Keras implementation of RetinaNet for object detection and visual relationship identification
This is the Keras implementation of RetinaNet for object detection as described in Focal Loss for Dense Object Detection by Tsung-Yi Lin, Priya Goyal, Ross Girshick, Kaiming He and Piotr Dollár.
If this repository helps you in anyway, show your love :heart: by putting a :star: on this project :v:
The RetinaNet used is a single, unified network composed of a resnet50 backbone network and two task-specific subnetworks. The backbone is responsible for computing a convolution feature map over an entire input image and is an off-the-self convolution network. The first subnet performs classification on the backbones output; the second subnet performs convolution bounding box regression. The RetinaNet is a good model for object detection but getting it to work was a challenge. I underestimated the high number of classes and the size of the data set but was still able to land a bronze medal (Top 20%) among 450 competitors with some tweaks. The benchmark file is added for reference with the local score for predictions and the parameter used.
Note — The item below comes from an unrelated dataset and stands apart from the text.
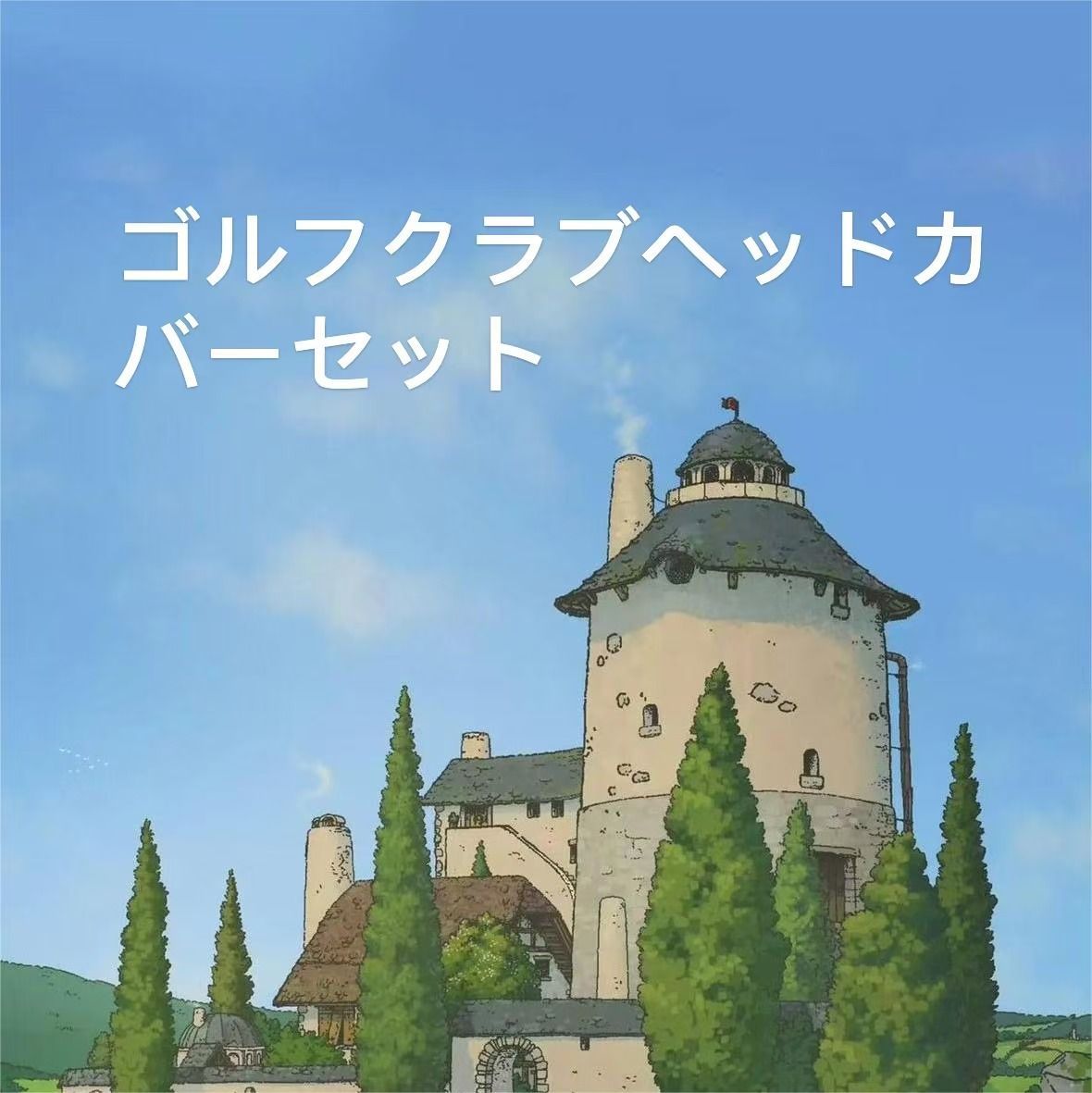 土田玲央 アクリルスタンド アクスタ セット Amazon.co.jp: 土田玲央 不思議堂 黒い猫 阿吽 特典セット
I focused on Object detection and used a simple multi class linear regressor for relationship prediction. Unlike the usual approach of using a LSTM, I experimented with a Random Forest Classifier and a Multi Output Classifier from sklearn just to prove LSTM doesn't have much intelligence behind it and it was just a statistical tool. And the local classification scores proved I was right with giving me an accuracy greater than 90%. And since my visual relationship was based on how good my object detector performed I was not able to get a better score but with this model I was able to land a bronze model (Top 30%) among 230 competitors.
The build was made for the Google AI Object Detection and Visual Relationship Kaggle challenge so if you are using this project on Googles' Open Image data set follow the instructions below to run the module. Also the code is written in such a way that you can take individual modules to build a custom model as per your needs. So when you install the model, make sure you turn the imports into absolute imports or follow the Folder Structure shown below.
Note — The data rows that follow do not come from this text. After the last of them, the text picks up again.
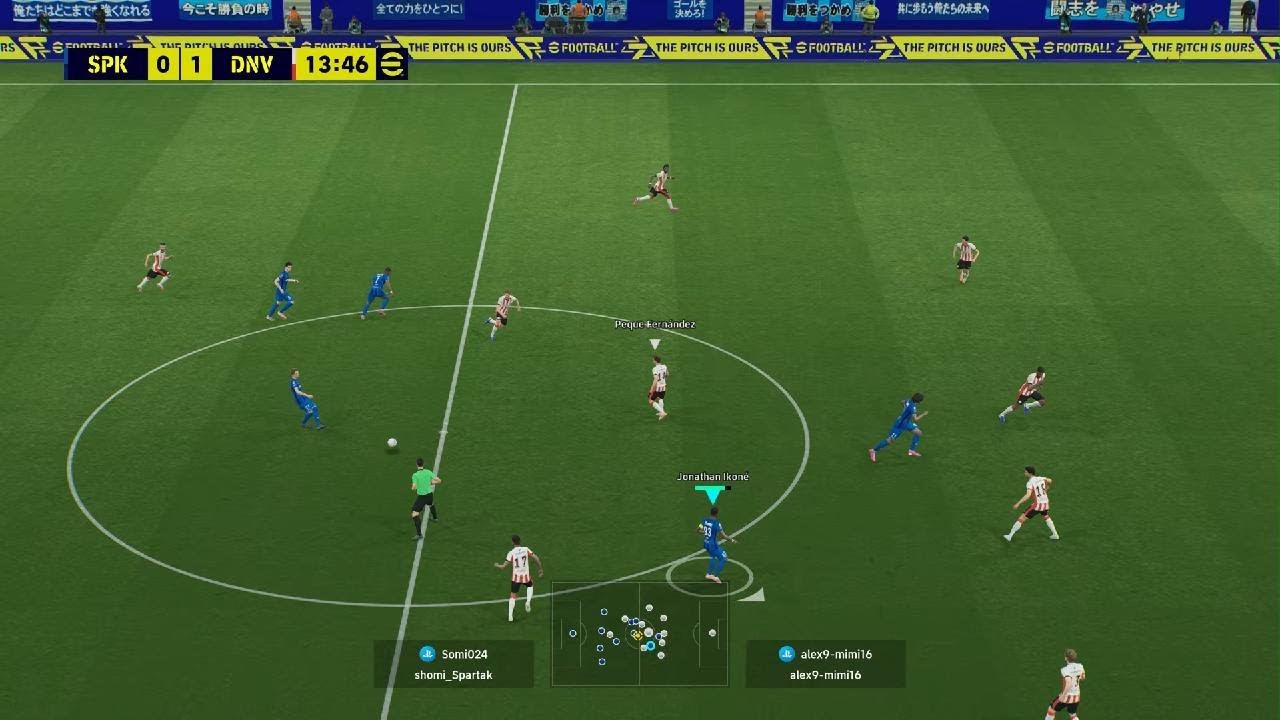 eFootball_20251125192709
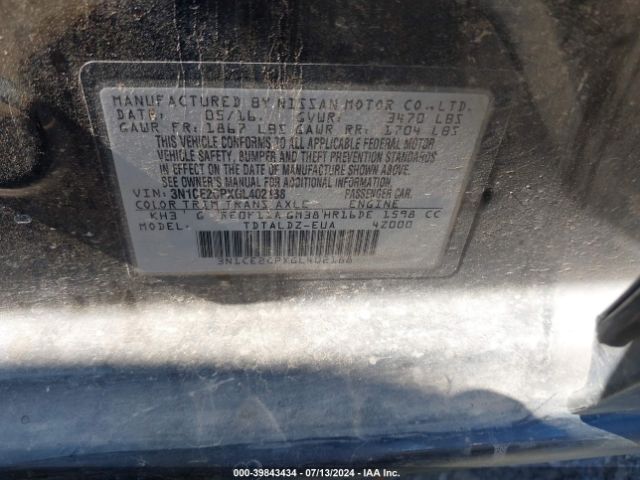 Photo 8 VIN: 3N1CE2CPXGL402188 - NISSAN VERSA NOTE 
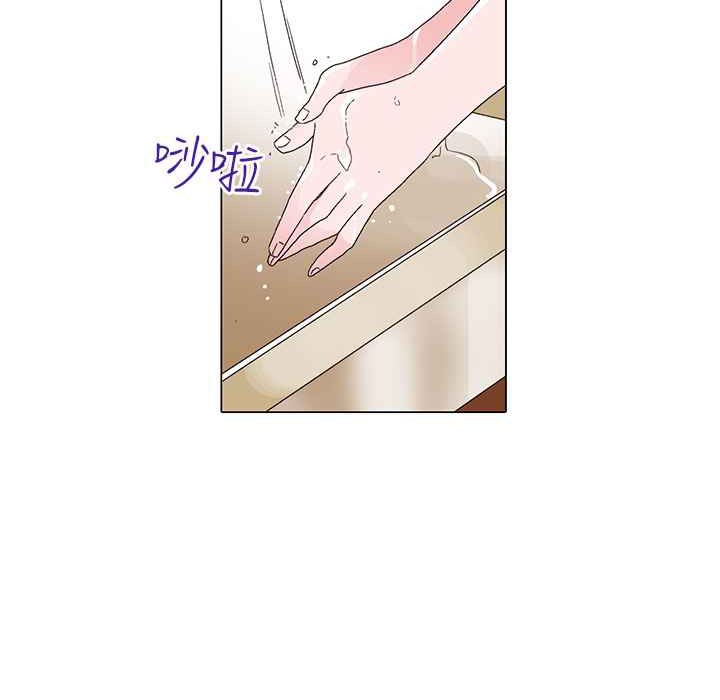 灰姑娘的哥哥们第11话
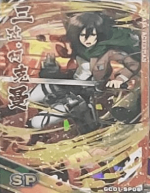 GC01-SP06 Mikasa Ackerman | Attack on Titan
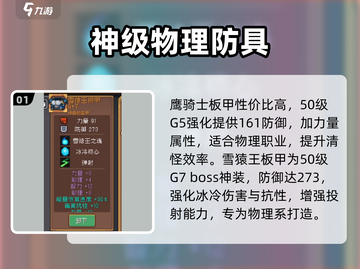 元气骑士前传最强防具🔥截图2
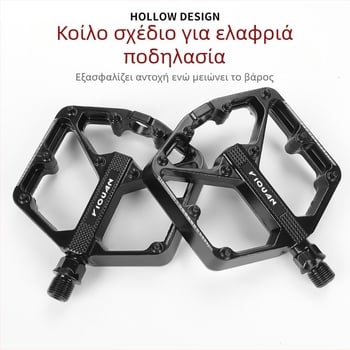 Εργοστάσιο χονδρικής πώλησης ποδηλάτων βουνού δρόμου από κράμα αλουμινίου με πεντάλ πεντάλ αντιολισθητικό, διευρυνόμενο πεντάλ καρφιών αξεσουάρ ποδηλάτου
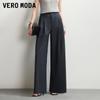 Women's High-Waist Pleated Pocket Straight-Leg Pants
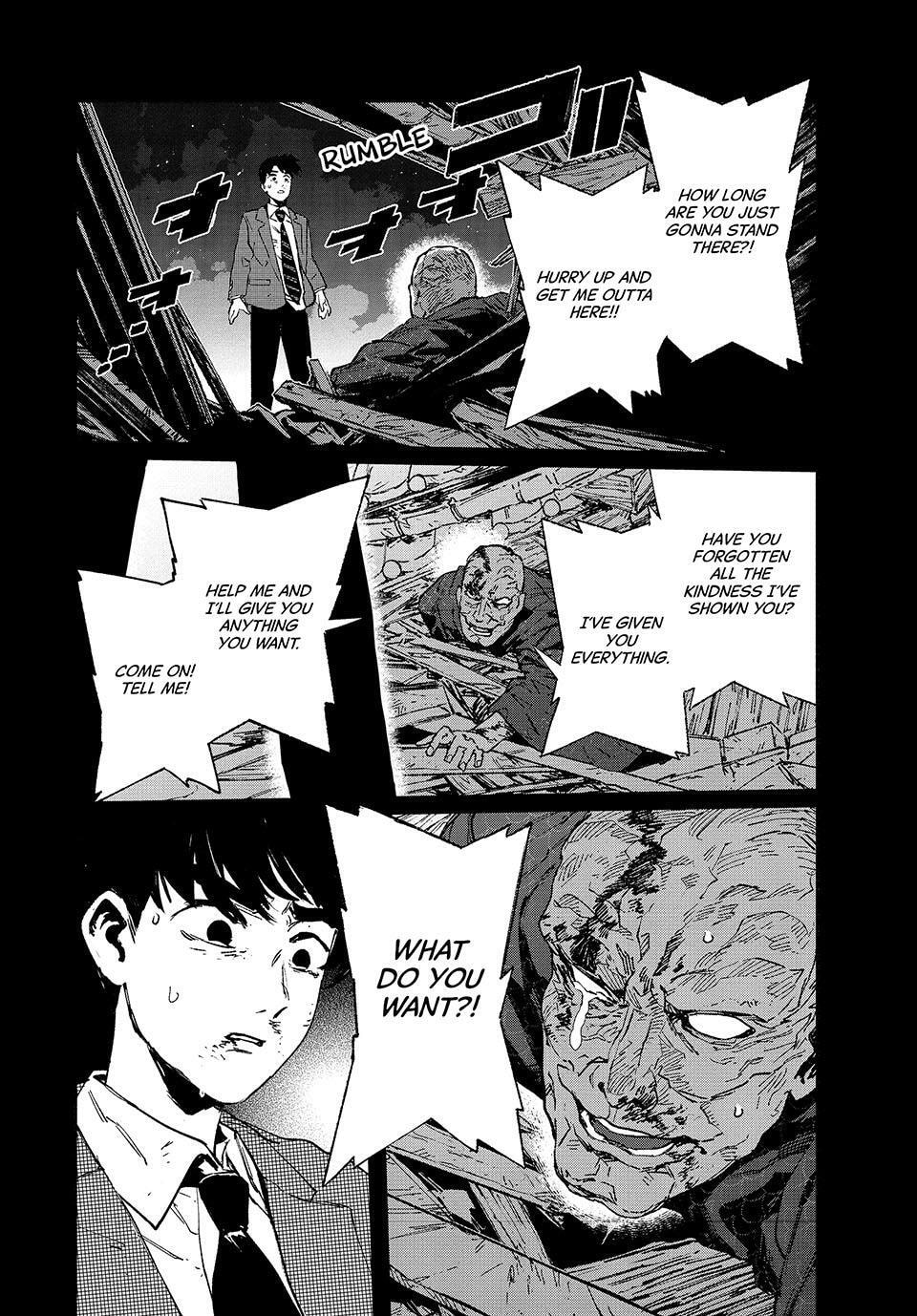 Read GAEA-TIMA the Gigantis chapter 27 image 1 on Lezhin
The code was initially run on a NVIDIA GeForce GTX 1050 Ti but the model exploded since for the Open Image data set consisted of 1,743,042 Images and 500 classes with 12,195,144 bounding boxes and the image size was resized to 600 by 600. Resizing the images could have solved the issue but did not try it. Instead the code was run on a NVIDIA Tesla K80 and the model worked fine and to convert the training model to a inference model NVIDIA Tesla P100 was used. So I would recommend a K80 or a higher version of GPU.
main_dir
- challenge2018 (The folder containing data files for the challenge)
- images
- train (consists of the train images)
- test (consists of the test images)
- keras_retinanet (keras retinanet package)
- callbacks
- callbacks.py
- models
- classifier.py
- model_backbone.py
- resnet.py
- retinanet.py
- preprocessing
- generator.py
- image.py
- open_images.py
- trainer
- convert_model.py
- evaluate.py
- model.py
- task.py
- utils
- anchors.py
- clean.py
- freeze.py
- initializers.py
- layers.py
- losses.py
Run the task.py
from the trainer folder.
task.py main_dir(path/to/main directory) dataset_type(oid)
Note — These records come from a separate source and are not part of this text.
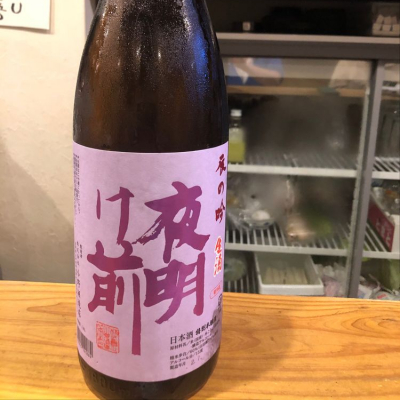 長野県の酒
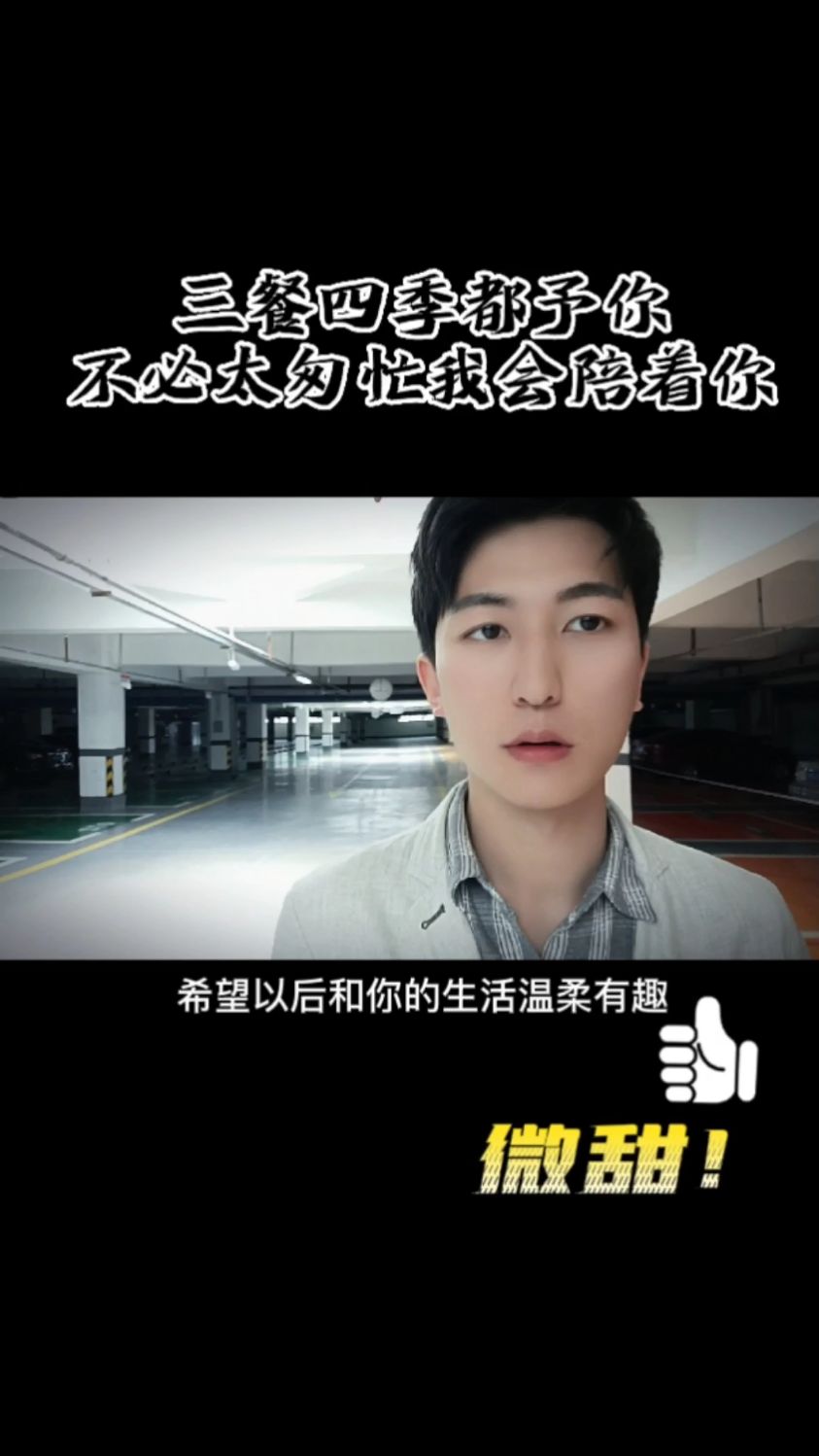 希望以后和你的生活,温柔,有趣,不必太激烈,三餐,四季,不必太匆忙,毕竟我有一生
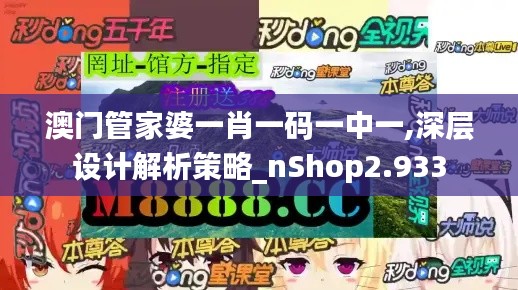 澳门管家婆一肖一码一中一,深层设计解析策略_nShop2.933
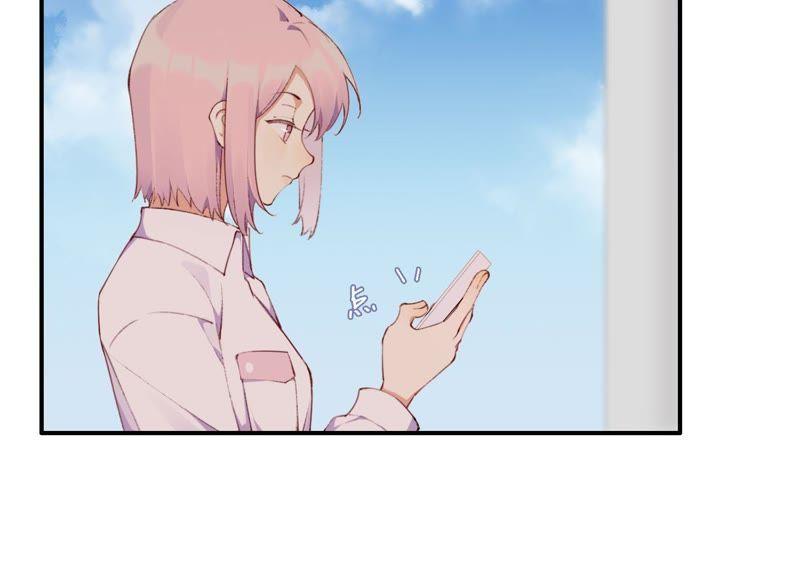 恶女陷阱27话 我不许你欺负他！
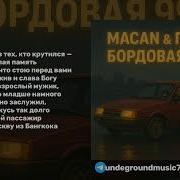 С ТЕКСТОМ MACAN Гуф Бордовая 99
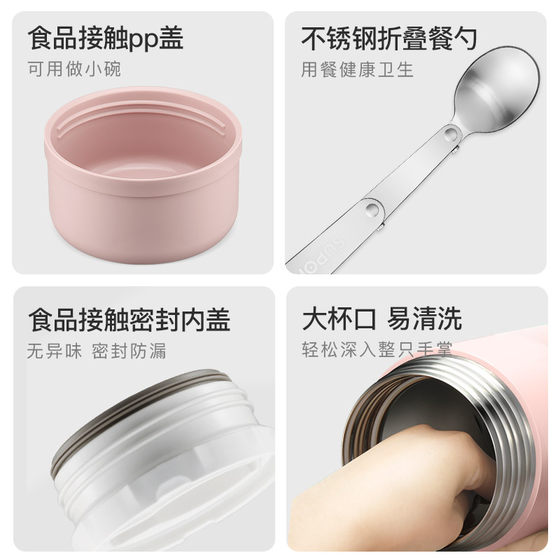 Supor stew beaker thermos cup 316 material lunch box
First run the convert_model.py
to convert the training model to inference model.
Then run the evaluate.py
for evaluation. Evaluation is defaulted for both object detection and visual
relationship identification, to select between the object detection and the visual relationship identification
add 'od' or 'vr' when calling the evaluate.py
convert_model.py main_dir(path/to/main directory) model_in(model name to be used to convert)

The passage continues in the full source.